Opinion – John Gelmini – ‘Populism: The corrupting of democracy’ via The Economist

Dr Alf with his usual thoughtful precision has demolished the thrust of the arguments made by the Economist whose editors regularly attend “private meetings” as evidenced by the attendance list of the Bilderbergers(www.bilderbergmeetings.org). Populism at grass roots level is to do with massive income inequalities.

In America just 51% of the entire population earn enough to pay income tax and increasing numbers of jobs are being subjected to robot process automation, AI, offshoring and outsourcing. GE which used to have massive finance departments dedicated to Dr Alf’s former calling as a Chartered Accountant and Financial Director now have much of the work done in India at a fraction of the cost.

The UK is £5 trillion GBP in debt whilst £25 trillion sits offshore with half of it in BVI. The Economist has nothing to say about that or the juxtaposition of the two sides of the coin. We have on the one hand Chief Executives earning 100, 200 and in some cases 450 times average worker pay, when bonuses and “other emoluments” are factored into the equation, we have 1.8 million zombie companies which never make a profit and teeter on the very edge of their banking covenants and we have local and central government services costing triple those of Switzerland.
At the same time, we have 1 million people using food banks, average gross pay at £30,000 GGP and houses costing nine times average pay thus denying 80% of future adults any prospect of ever buying a home.

Within 13 or 17 years, 50% of jobs will be gone thanks to AI, machine learning, RPA, cybernetics and nanotechnology. This was predicted by Eric Schmidt of Google in 2013 and 2014 at the Grove Hotel, Watford, England and on You Tube and by the Oxford University and Chinese Government surveys all of which the Economist were privy to. People in America,Europe and the UK, unless they were in the top 16% of wage earners, have all seen their living standards drop and remain low for the past 25 years thanks to the banking crisis, “Cyprus style bail-ins”, quantitative easing (debasement of the currency,) and the loss of traditional blue-collar and lower middle class white collar jobs.
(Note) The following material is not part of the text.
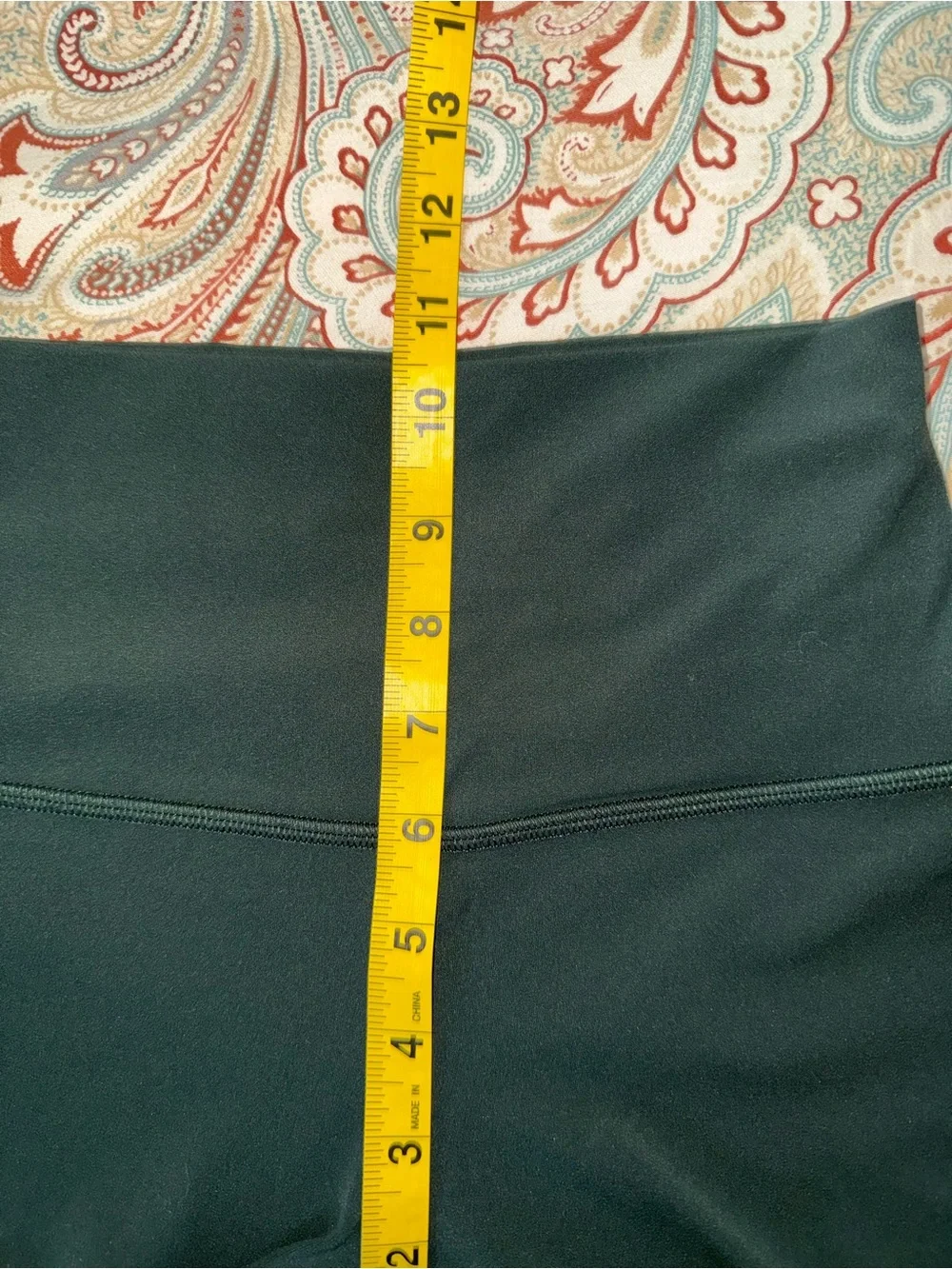 Lululemon crop leggings size 4/L24
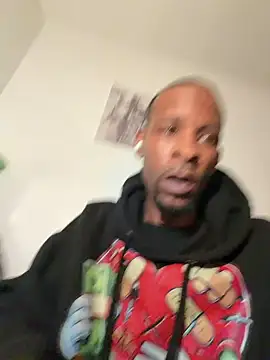 Snapshot of Dreadyyy chatting on 12/15/25, 05:46 Dreadyyy online show from 12/15/25, 05:46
We know from Jordan Peterson, the Canadian psychology professor, who wrote “12 Rules for Life”, that anyone with an IQ of 83 or less (10% of the global population) is deemed to be incapable of doing ANY job the Pentagon wants done. Extrapolating that into civilian life everywhere as he does means that 10% of the working population are economically useless. That percentage is rising as machine learning improves and AI powers ahead of human intelligence starting this year (Source:Ray Kurzeweil, Chief Futurist and CTO of Google).

People, even at the most intellectually challenged level, know that something is wrong, potholes abound in roads, they are told to buy electric cars at £30,000GBP each when they have less than £500 GBP in their bank accounts at any one time ( the same figure that prevailed in the 1990s when GE Capital conducted a survey to size the market for secured loans and impaired life annuities). Their children cannot get jobs and even if they can they are not reflective of their expensive degree courses. It is much more than being “down on your luck” but is a malaise in which hope is completely lost by those at the sharp end which is where MAGA, the Gilet Jeunes and the EDL, PEGIDA etc, all populist movements along with ANTIFA, Momentum et al spring from. These movements cover the extremes of the political spectrum and are representative of populism.
The phenomenon will not go away until there is a clear and coherent plan to reskillill people, stop the reverse Robjn Hood phenomenon which emboldens plutocrats and puts the proletariat in the”olive press”.

The Economist will never talk about these matters because it exists to create the impression that things are fine.